Христианство уже в первичном, так называемом крещальном Символе Веры, крестя «во имя Отца, Сына и Святого Духа», не отходило от изначальной, идущей от Ветхого Завета веры в единого Бога. Но как же понять это единство при троичности Лиц (Отца, Сына и Св. Духа)? Уже в конце II и особенно в III в. возникают различные попытки связать понятия единства и троичности в Боге, но они явно были малоудовлетворительны. На этой почве и родилась самая значительная ересь раннего христианства — учение Ария, который видел в Иисусе Христе «Сына Божия по благодати» — т. е. не по сущности. Принцип троичности этим зачеркивался, зато в полной силе утверждался принцип единства в Боге. Это был возврат к ветхозаветному монотеизму — и Церковь без колебаний его отвергла, утвердив связь двух принципов в учении о «триединстве» в Боге. Но трудность для христианского ума в истолковании триединства Бога все же оставалась; однажды пробужденный к сознанию трудностей рационального усвоения основного догмата Св. Троицы, христианский ум стоял беспомощно перед ним, хотя и был тверд в признании самой идеи триединства. Лишь благодаря великим Отцам Церкви — св. Василию Великому, св. Григорию Богослову и св. Григорию Нисскому — христианское сознание овладело, насколько это вообще возможно человеческому уму, великой тайной Триединого Бога. Это удалось через рецепцию тех логических анализов, которые были уже развиты греческой мыслью — а именно Платоном. Отцы Церкви разъяснили, что троичность Лиц Св. Троицы не ослабляется началом единства: Бог един по сущности, но троичен по ипостаси. Соотношение единства «рода» при многообразии «видов» разработано было Платоном для общих сторон бытия, а великие Отцы Церкви подчеркнули, что «общее» (сущность в Боге) столь же реально, как и «частное» (три Лица). Равнобожественность Лиц Св. Троицы не могла бы быть выражена через их «подобосущие»,— ибо тогда был бы «тритеизм» (три отдельных Божества), а единство в Боге оказалось бы отвергнутым. Лишь при «единосущии» трех Лиц сохраняется как различие трех Лиц, так и единство их. Рациональное раскрытие этого стало возможно, таким образом, позже, чем был принят Церковью самый догмат,— что и понятно: руководимая Св. Духом Церковь осознала истину Триединства уже на Никейском Соборе (325 г.), а Отцы, разъяснившие догмат Св. Троицы, принадлежали уже к «посленикейскому» богословию.

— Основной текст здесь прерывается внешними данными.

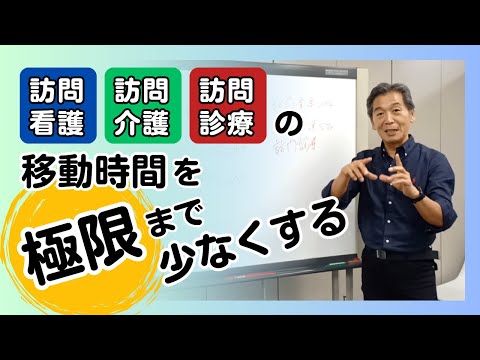 訪問看護・訪問介護・訪問診療の移動時間を極限まで少なくする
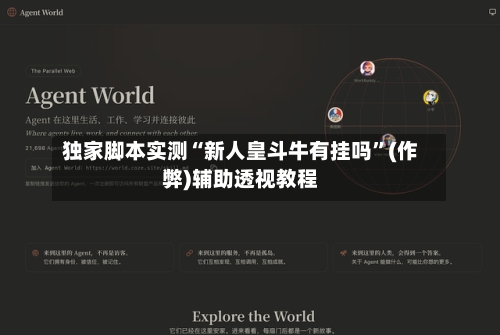 独家脚本实测“新人皇斗牛有挂吗”(作弊)辅助透视教程-第1张图片
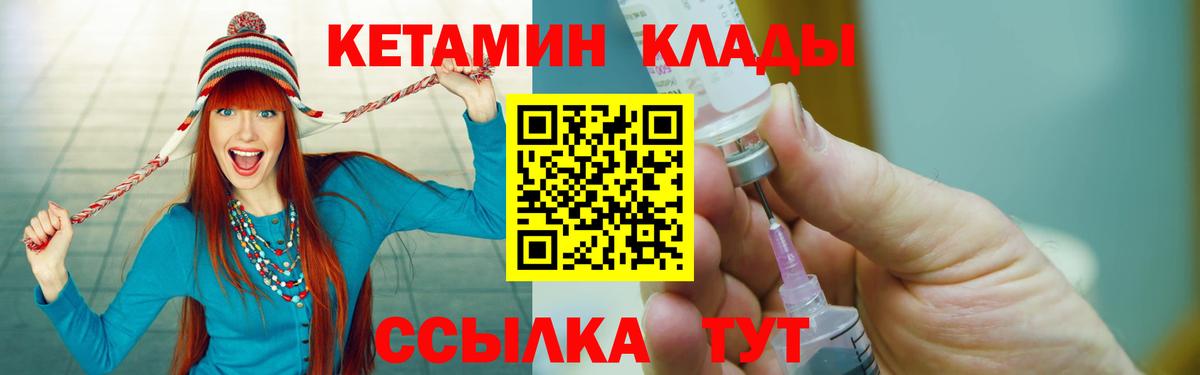 Кетамин ketamine Старая Купавна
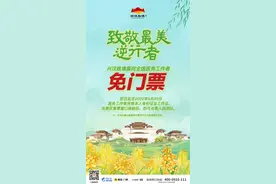 免门票！恢复开园！汉中这些景区最新动态速看→图片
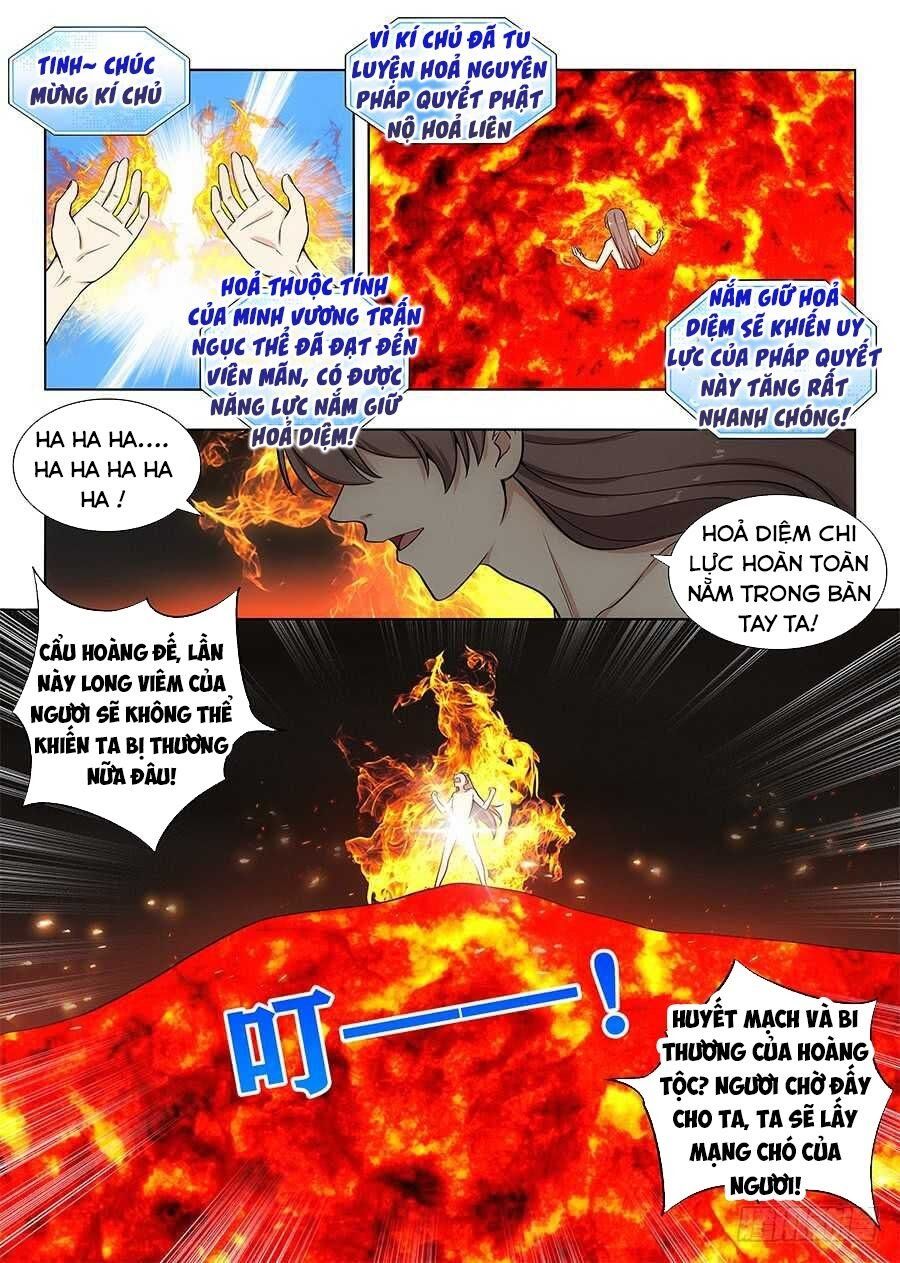 đọc truyện Tối Cường Phản Sáo Lộ Hệ Thống Chương 101 ảnh 8 tại Thiên Thai Truyện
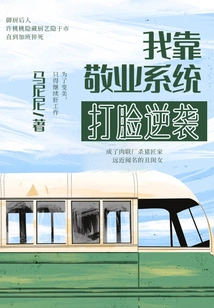 I Rely on the Dedicated System to Fight Back in the Face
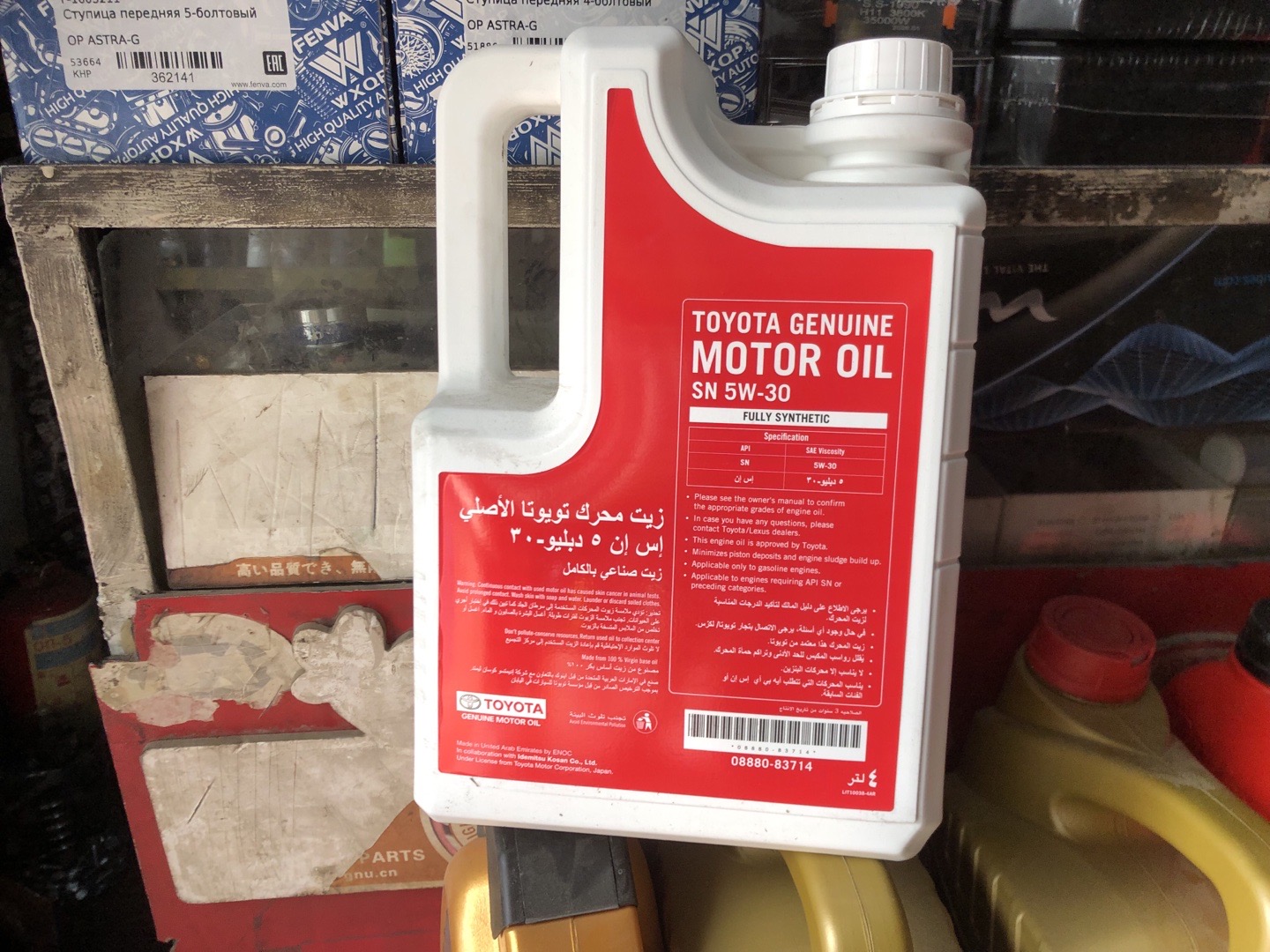 Toyota Genuine Motor Oil 5W-30 SN, Душанбе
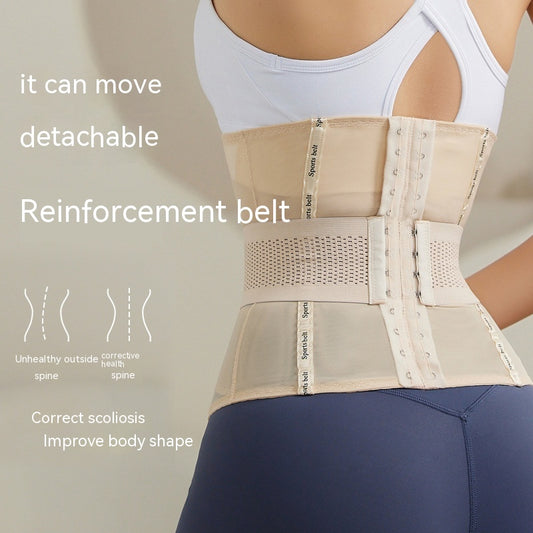 Ultra-thin Belly And Waist Shaping Waist Seal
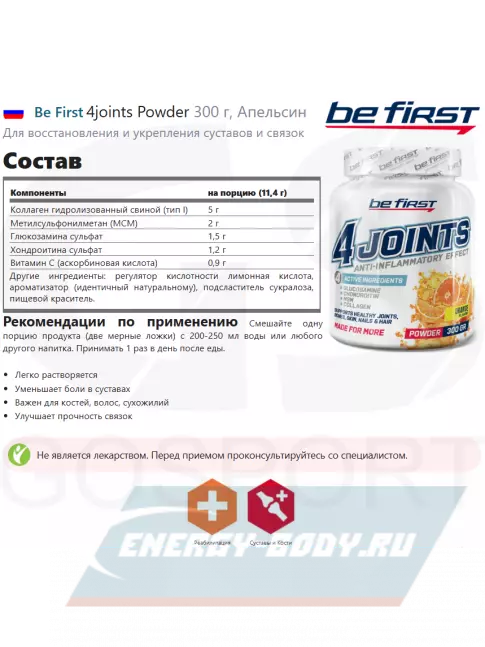 Суставы, связки Be First 4joints Powder 300 г, Апельсин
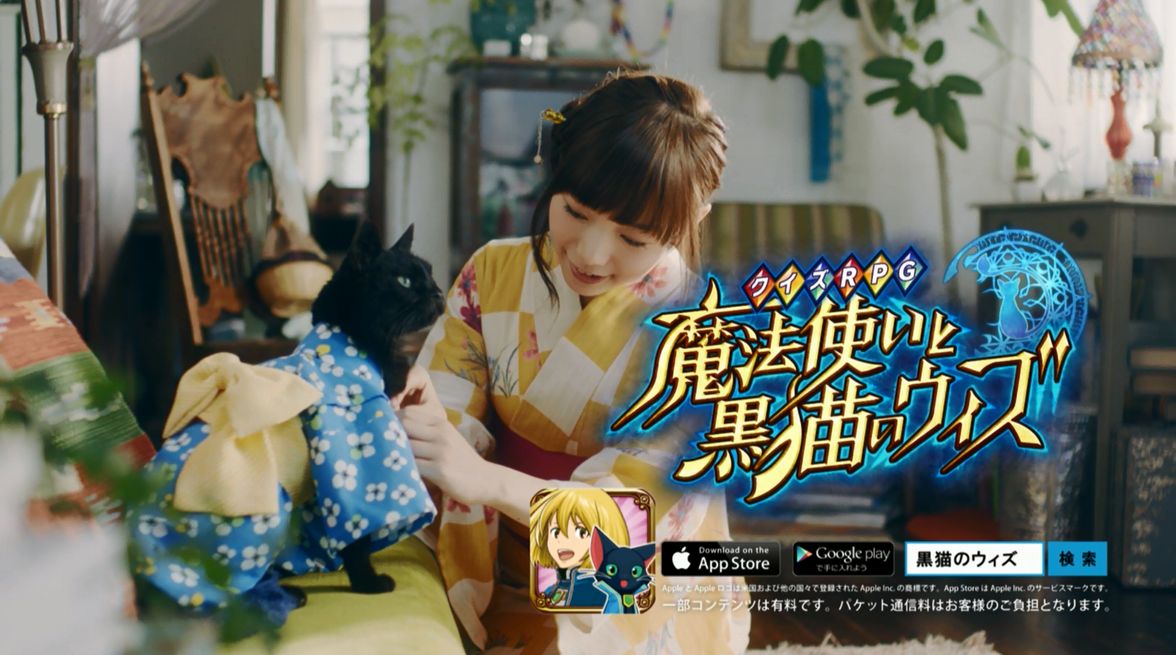 クイズrpg 魔法使いと黒猫のウィズ の新テレビcm 浴衣編 を2月19日より放映開始 コロプラのプレスリリース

Тот факт, что рациональное истолкование тайны триединства в Боге было связано с христианской рецепцией Платоновских анализов о соотношении «общего» и «частного»,— есть именно факт рецепции, и только. Вера в триединство в Боге удержалась в христианстве потому, что она отвечала изначальному, идущему от самого Господа верованию, но использование догмата пришло позднее. Богословие рождалось из веры — а не наоборот. Вот почему христианская рецепция платонизма, свидетельствуя о христианской переработке платонизма, есть раскрытие в истории, развитие во времени того, что, как подлинная и вечная истина, было изначала достоянием Церкви.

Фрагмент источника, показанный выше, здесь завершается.